William Montgomerie Fleming

1874 - 1961

MP (Robertson, NSW) • LIB/NAT/NAT&FARMERS/CP, 1913–1922


William FlemingWilliam Fleming electorate map

Born in 1874 at Avon Plains in the Wimmera district of Victoria, William Fleming was a grazier and journalist before he began his political career as the Member for the NSW Legislative Assembly seat of Robertson (Upper Hunter) in 1901. At age 27, and nicknamed ‘the Kid’, he was then the youngest member of the Legislative Assembly.

Fleming resigned his state seat in 1910 to stand for federal Parliament. In 1913, he won the seat of Robertson from the sitting Labor Party member WJ Johnson. Feeling duty-bound to serve in the war after Johnson was killed fighting in France, Fleming enlisted in the Australian Imperial Force on 6 October 1916 while still a member of the House of Representatives. He served as a driver in the Australian Army Service Corps Training Depot in England, transporting reinforcements across to France. Fleming was promoted to sergeant but, having been gassed at Péronne in France, he was demobilised in December 1918.

Fleming returned to Australia and to the federal Parliament, serving as the Member for Robertson until his defeat at the 1922 election. Offered the treasury portfolio by Prime Minister Billy Hughes in 1921, he famously retorted ‘I would not work under [him] if he would give me Sydney’. Fleming stood unsuccessfully as a candidate in three elections for the House of Representatives and once for the Senate.

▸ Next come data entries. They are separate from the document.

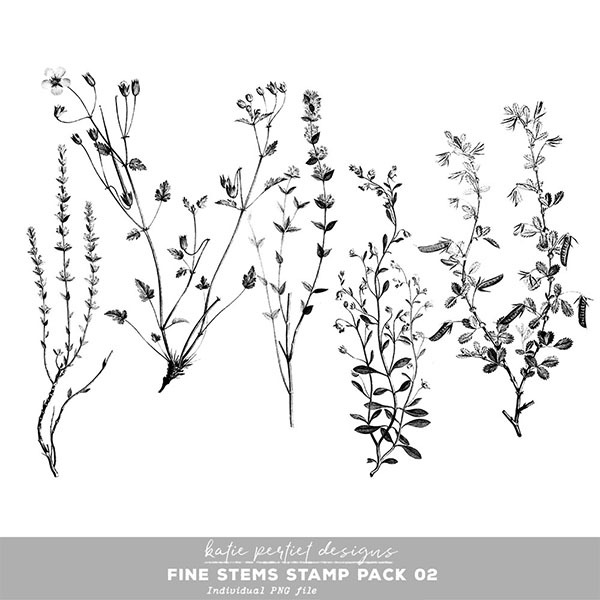 Fine Stems Stamp Pack 02 Digital Art - Digital Scrapbooking Kits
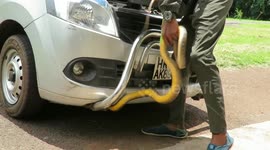 Large snake takes refuge in car's engine and refuses to be rescued in India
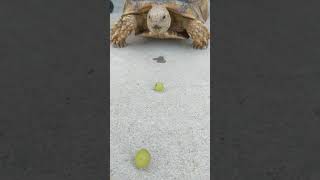 Turtle loves grapes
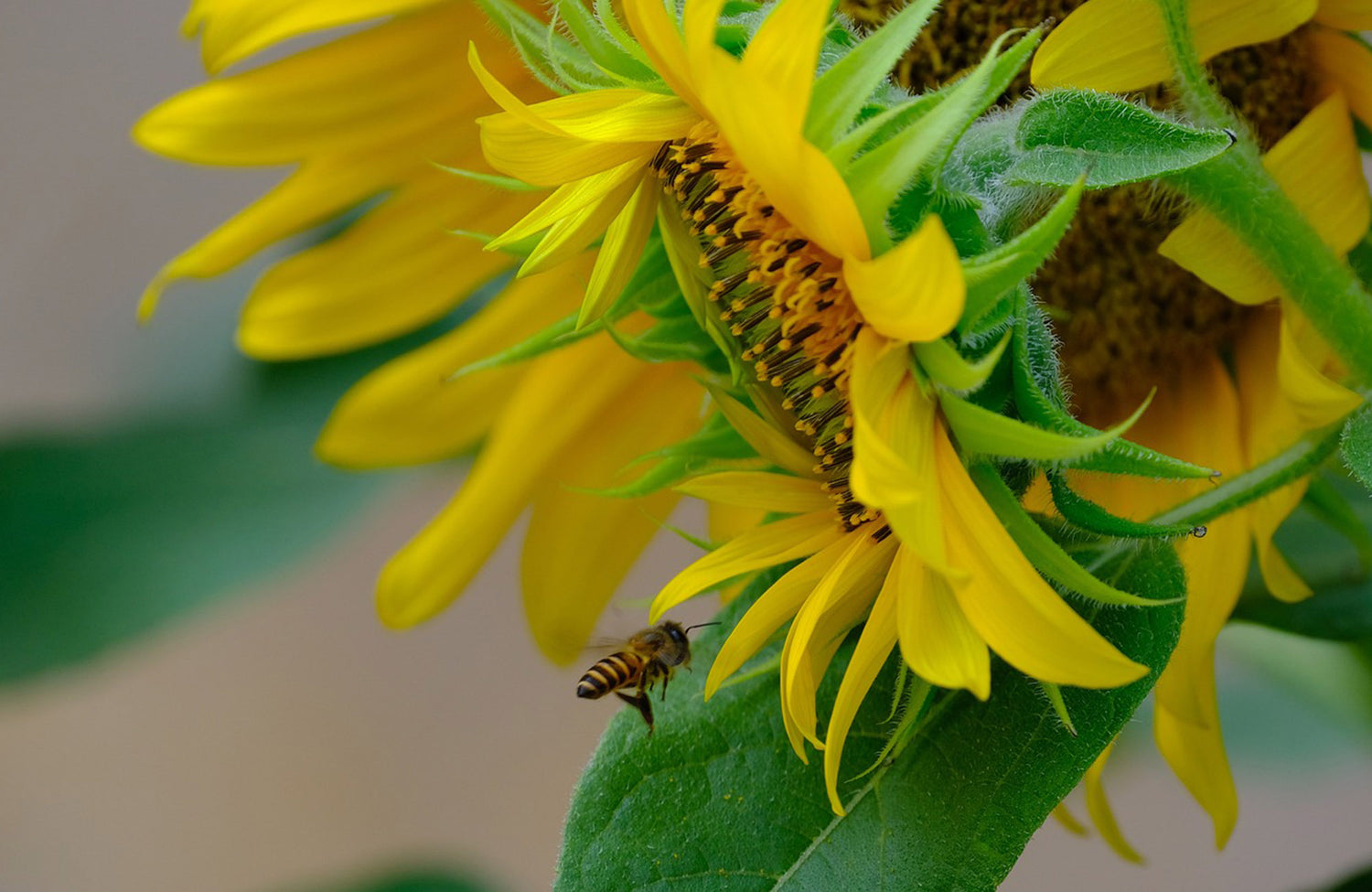 Close up of sunflower being grown in garden at home
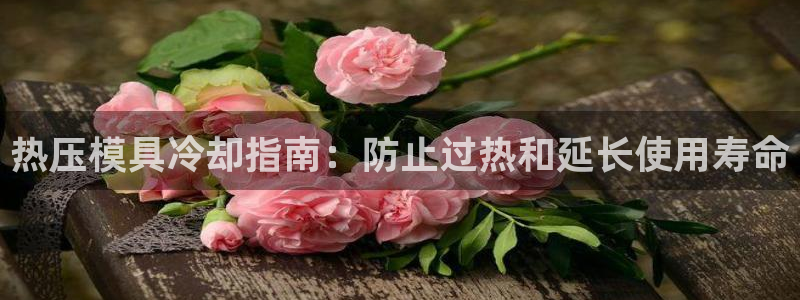 易倍单词软件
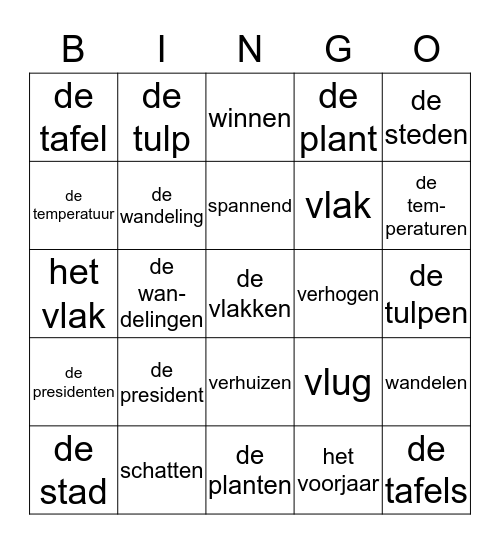 Thema 18 Nederland p. 4 en 5 Bingo Card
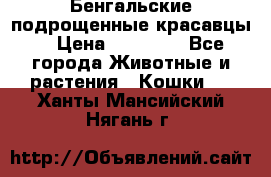 Бенгальские подрощенные красавцы. › Цена ­ 20 000 - Все города Животные и растения » Кошки   . Ханты-Мансийский,Нягань г.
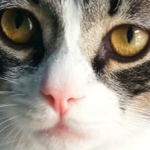 The most beautiful funny videos of the cat Minouche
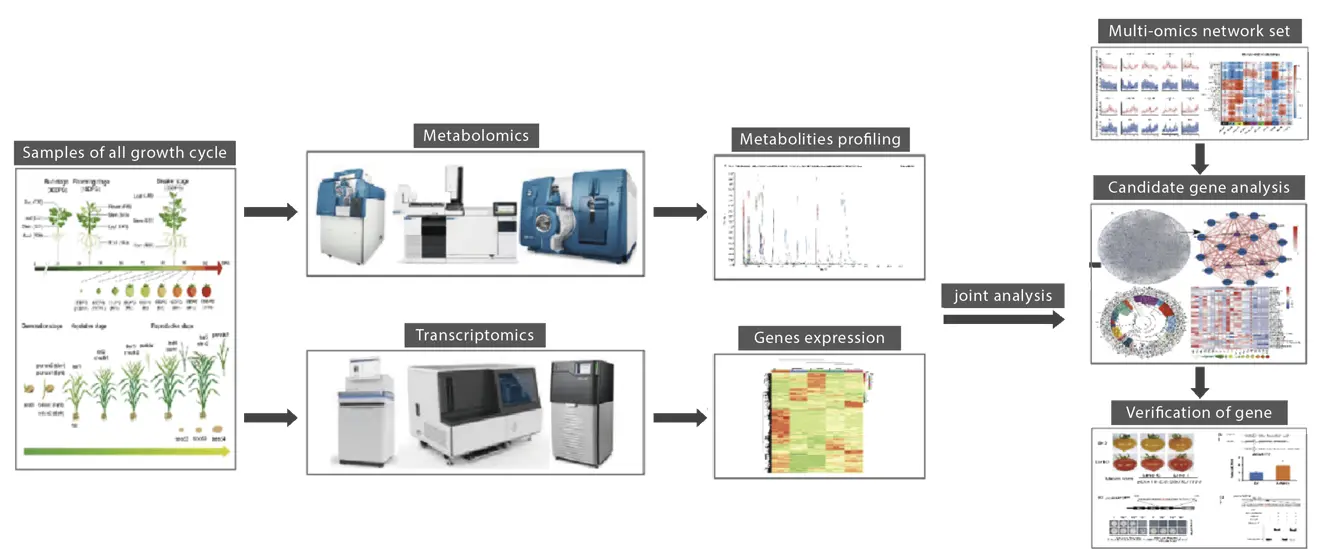 Project Workflow of Transcriptome+Metabolome Services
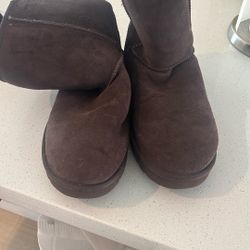 Chocolate Uggs Mens 10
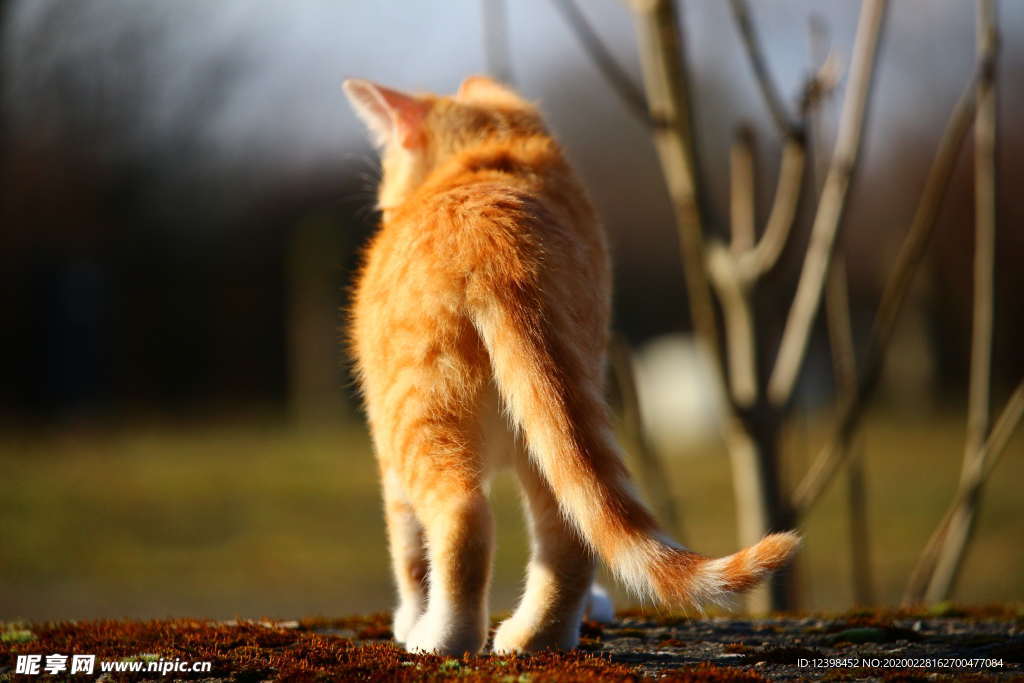 可爱的虎斑猫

Following his retirement Fleming returned to writing, authoring a number of children’s story books and writing for a number of newspapers including the Sydney Morning Herald, Bulletin and Pastoral Review. He also made radio broadcasts and his novel Broad Acres (1939) was serialised by the Australian Broadcasting Commission. Fleming died in 1961 at Terrigal, NSW.